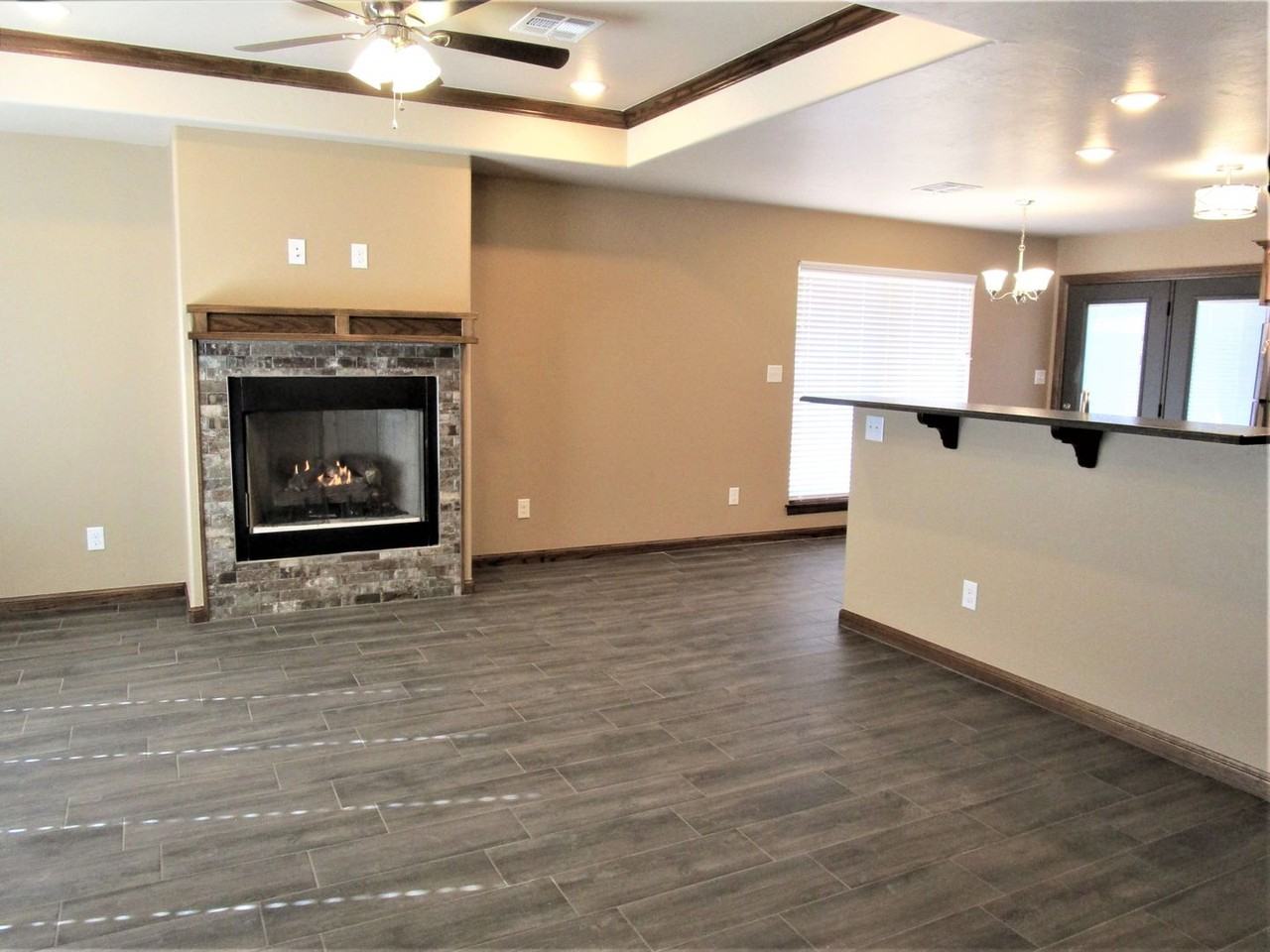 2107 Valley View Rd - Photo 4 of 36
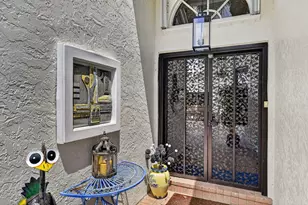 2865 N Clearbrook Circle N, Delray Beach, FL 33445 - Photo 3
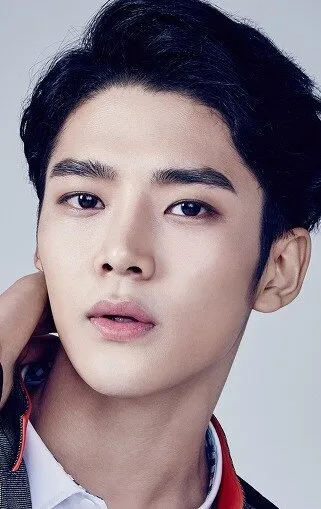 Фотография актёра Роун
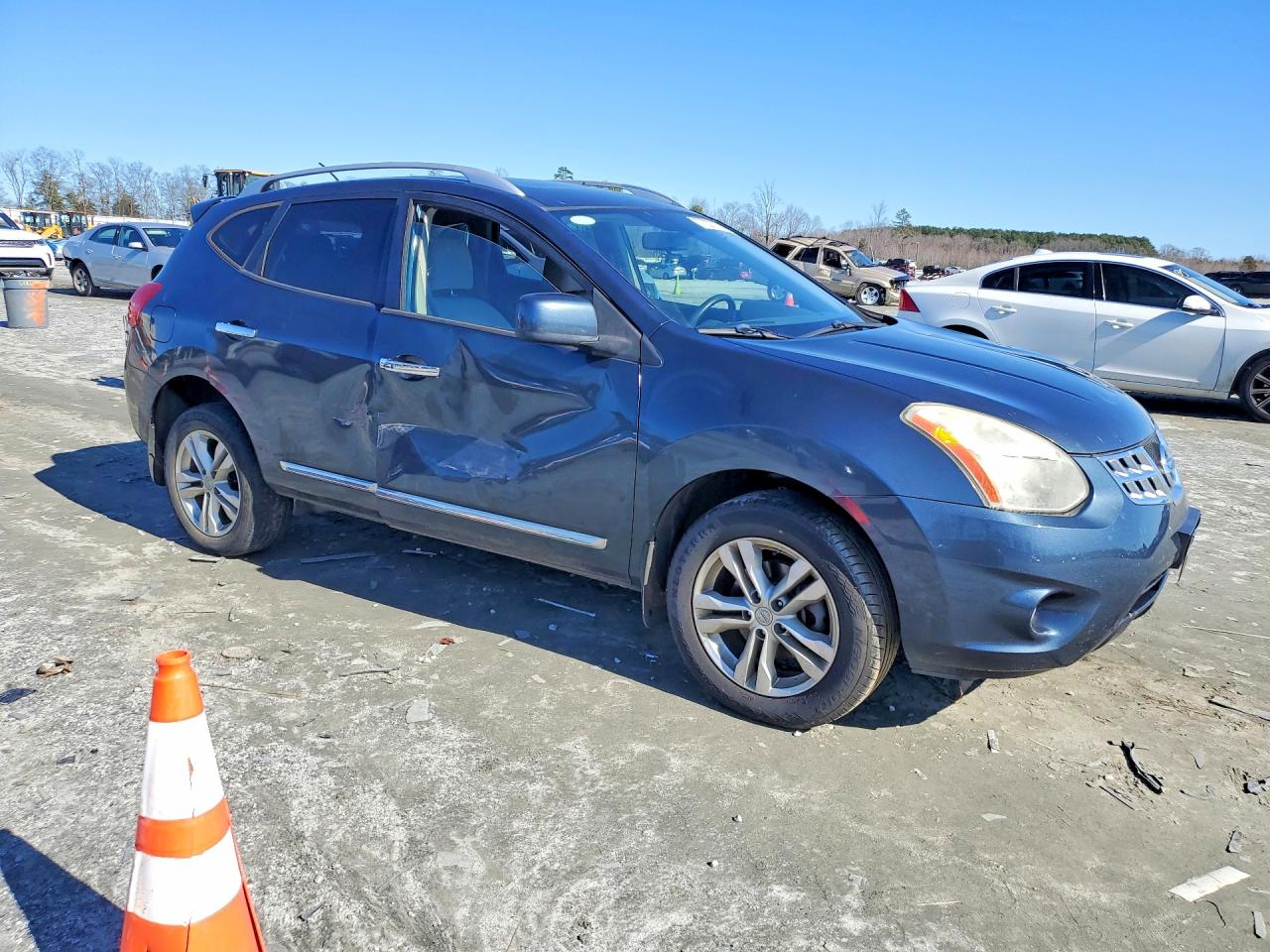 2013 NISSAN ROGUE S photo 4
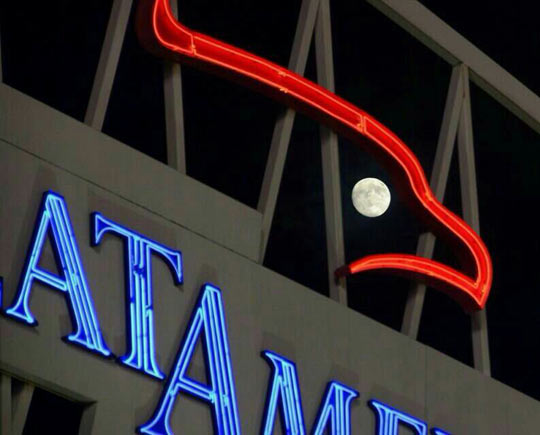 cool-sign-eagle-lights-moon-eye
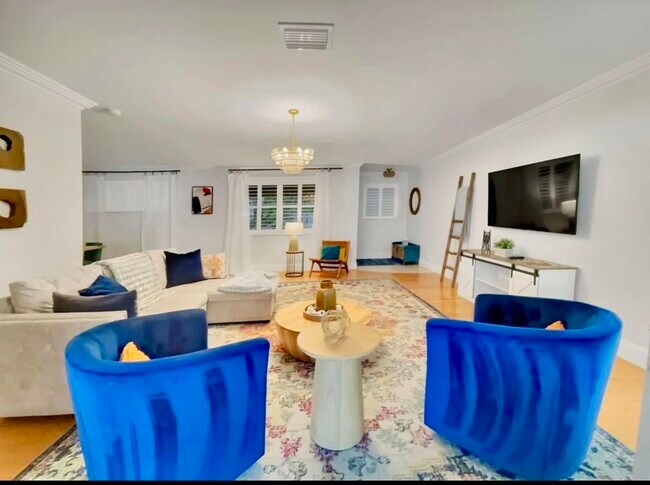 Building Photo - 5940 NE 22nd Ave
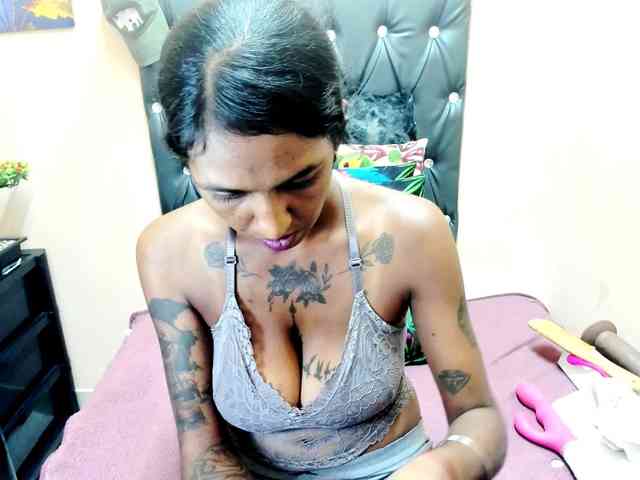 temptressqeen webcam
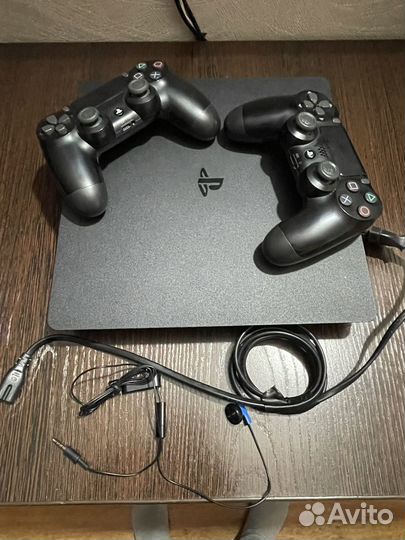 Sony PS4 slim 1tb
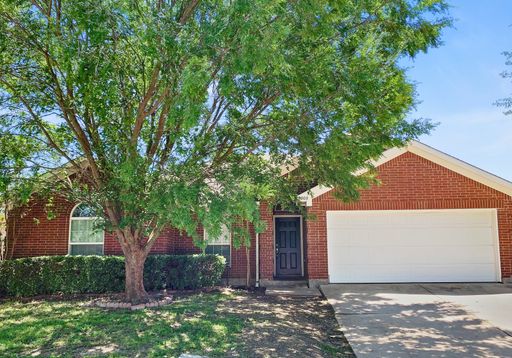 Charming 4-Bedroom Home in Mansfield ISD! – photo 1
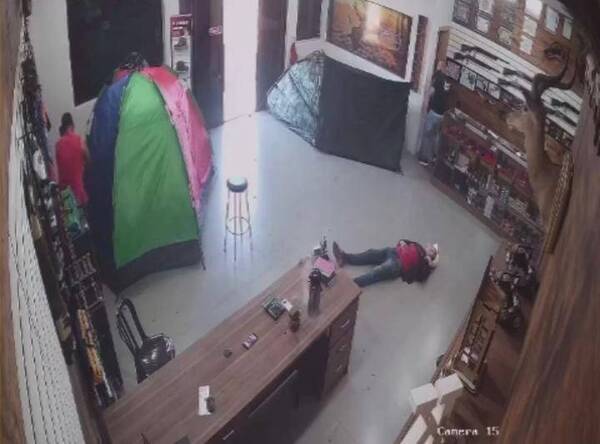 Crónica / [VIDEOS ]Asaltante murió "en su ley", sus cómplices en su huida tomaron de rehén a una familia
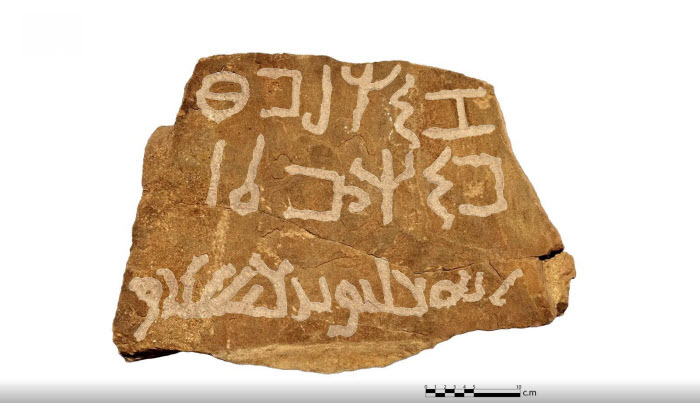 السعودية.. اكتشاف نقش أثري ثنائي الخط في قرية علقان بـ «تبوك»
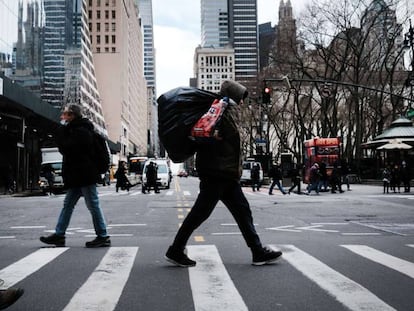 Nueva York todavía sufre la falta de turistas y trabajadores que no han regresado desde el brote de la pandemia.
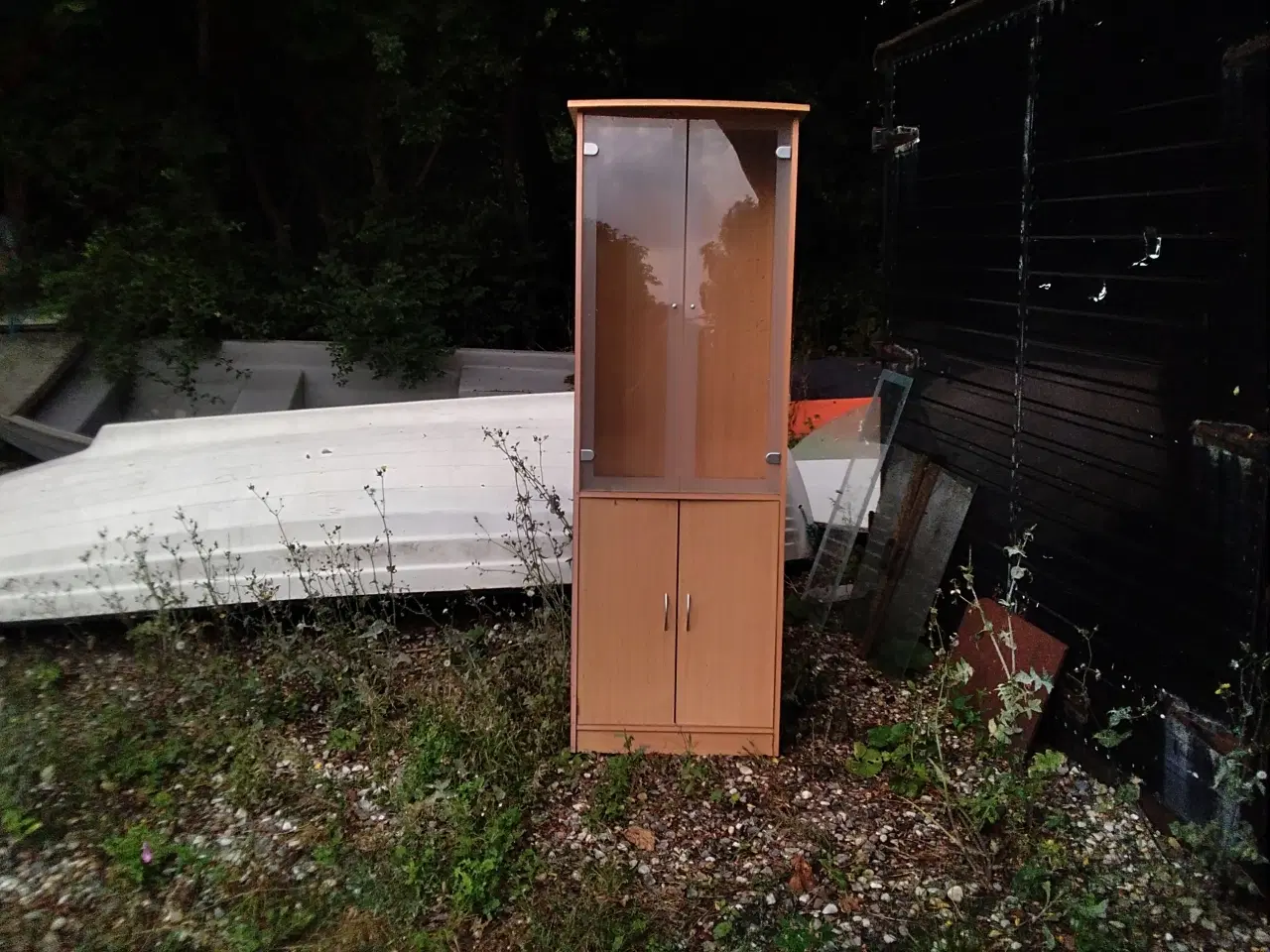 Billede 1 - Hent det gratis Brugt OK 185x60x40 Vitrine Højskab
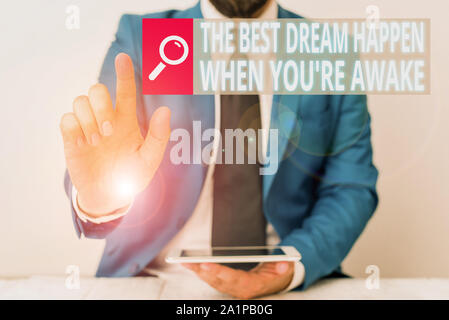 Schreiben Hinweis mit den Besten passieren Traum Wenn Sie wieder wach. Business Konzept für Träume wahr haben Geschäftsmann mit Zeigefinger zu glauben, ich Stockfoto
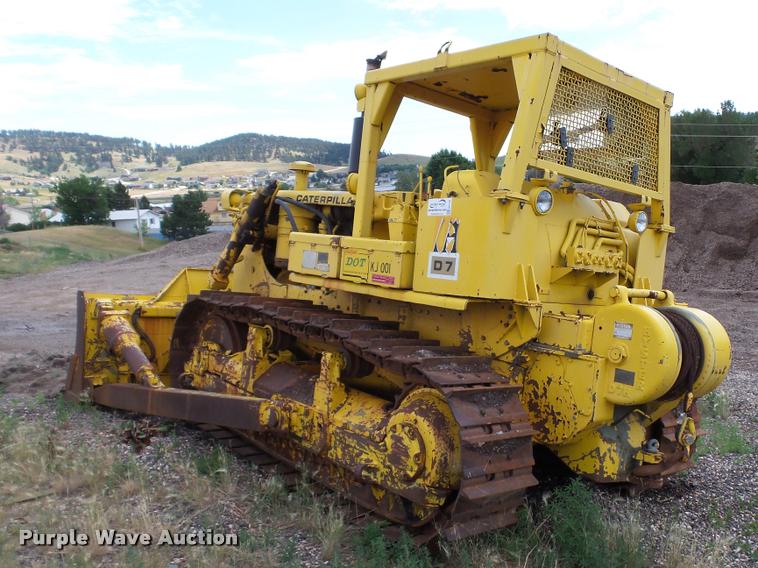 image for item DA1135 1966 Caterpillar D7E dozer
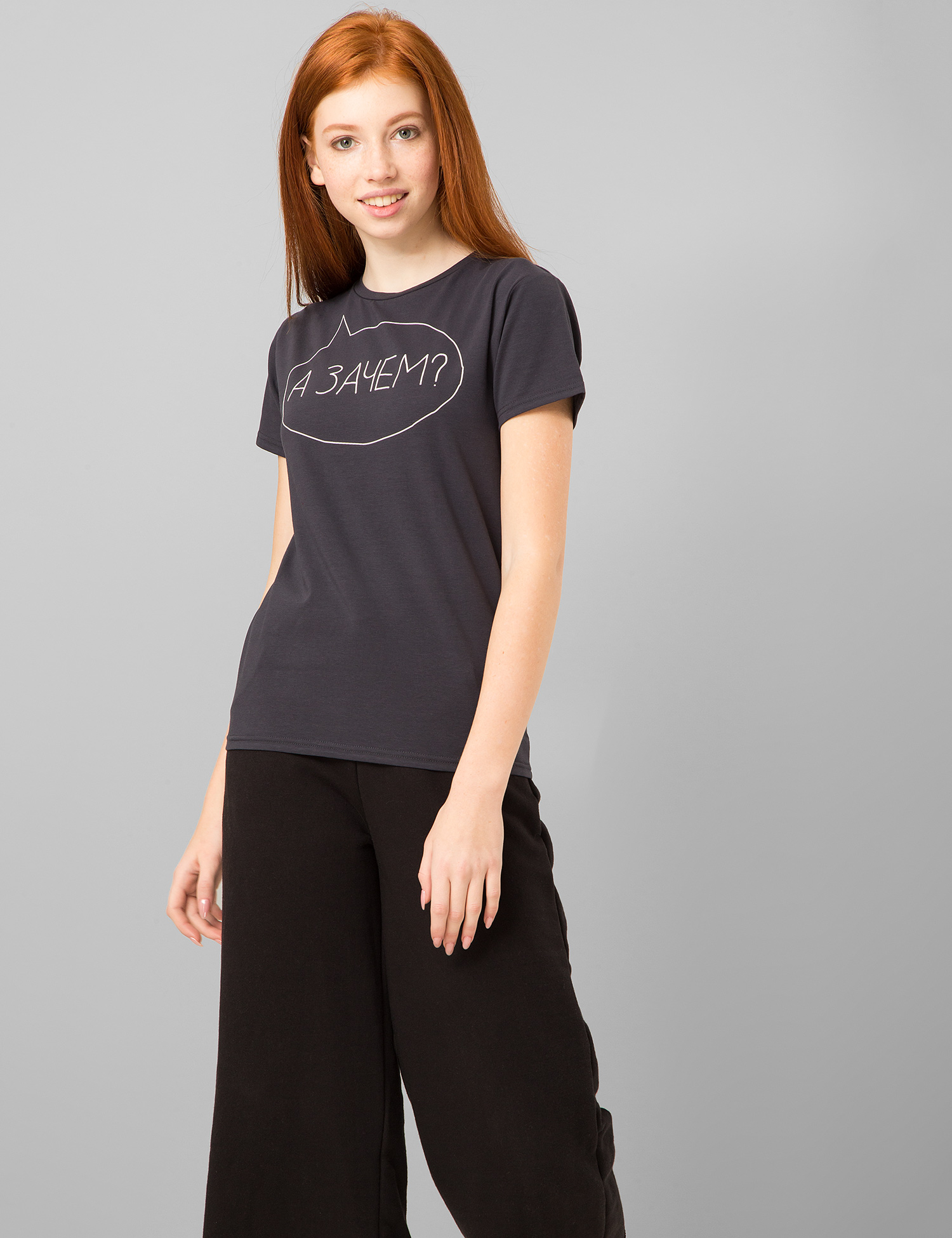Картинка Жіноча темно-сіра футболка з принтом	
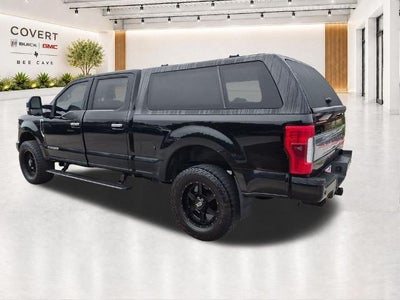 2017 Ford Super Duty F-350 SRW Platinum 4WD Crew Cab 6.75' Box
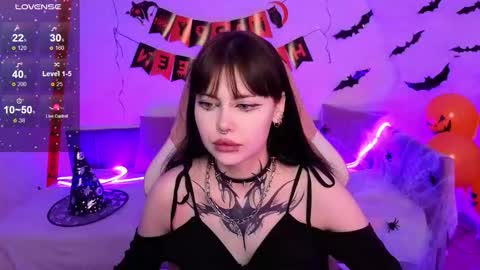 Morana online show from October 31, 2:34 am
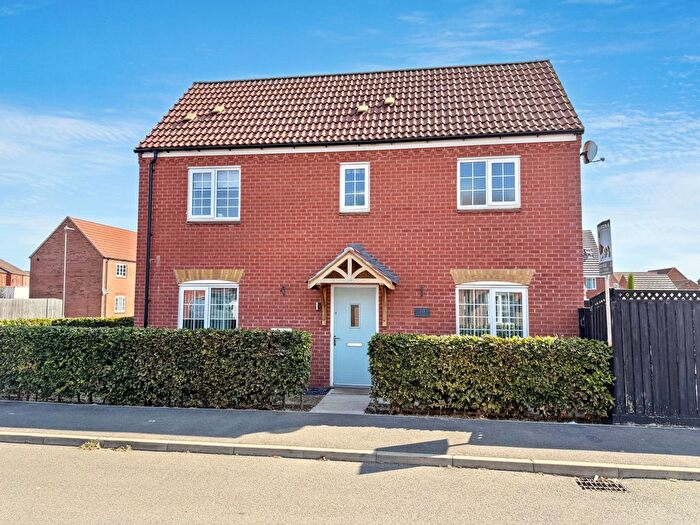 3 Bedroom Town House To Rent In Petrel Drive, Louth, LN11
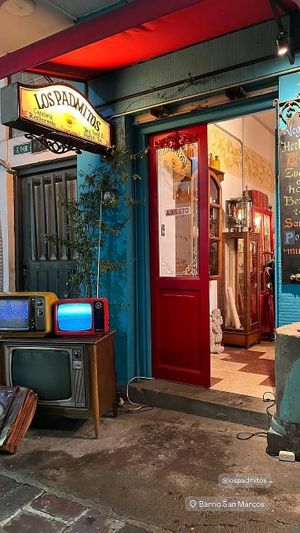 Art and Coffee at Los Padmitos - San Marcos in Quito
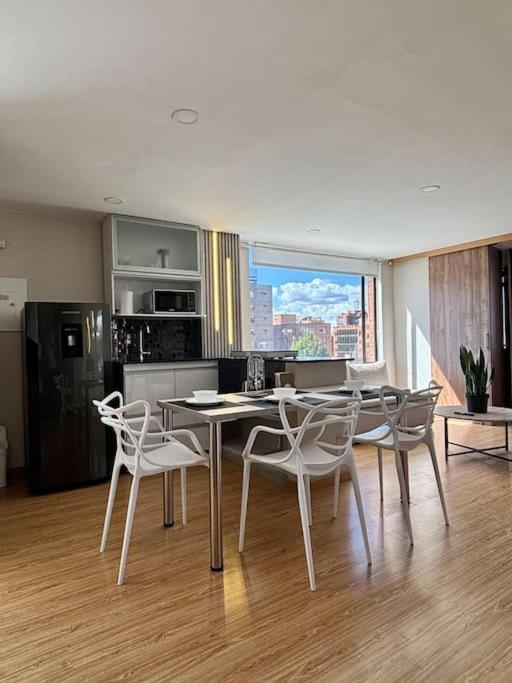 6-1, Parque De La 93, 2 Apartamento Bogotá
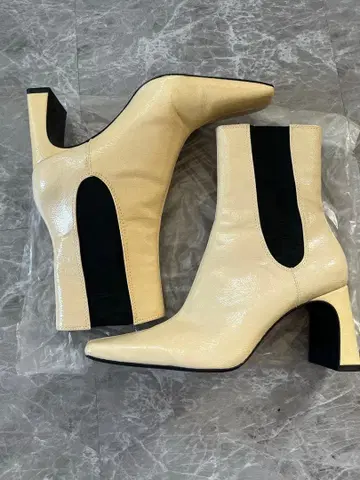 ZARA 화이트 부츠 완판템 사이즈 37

▶ **EXERCISE AIM**: An exact copy of the lines above from the one with "Фотография актёра Роун" up to and including the one with "Nueva York todavía" is required; reproduce only those lines, omitting all pictures.

▶ **FINISHED TASK**:
 Фотография актёра Роун
 2013 NISSAN ROGUE S photo 4
 cool-sign-eagle-lights-moon-eye
 Building Photo - 5940 NE 22nd Ave
 temptressqeen webcam
 Sony PS4 slim 1tb
 Charming 4-Bedroom Home in Mansfield ISD! – photo 1
 Crónica / [VIDEOS ]Asaltante murió "en su ley", sus cómplices en su huida tomaron de rehén a una familia
 السعودية.. اكتشاف نقش أثري ثنائي الخط في قرية علقان بـ «تبوك»
 Nueva York todavía sufre la falta de turistas y trabajadores que no han regresado desde el brote de la pandemia.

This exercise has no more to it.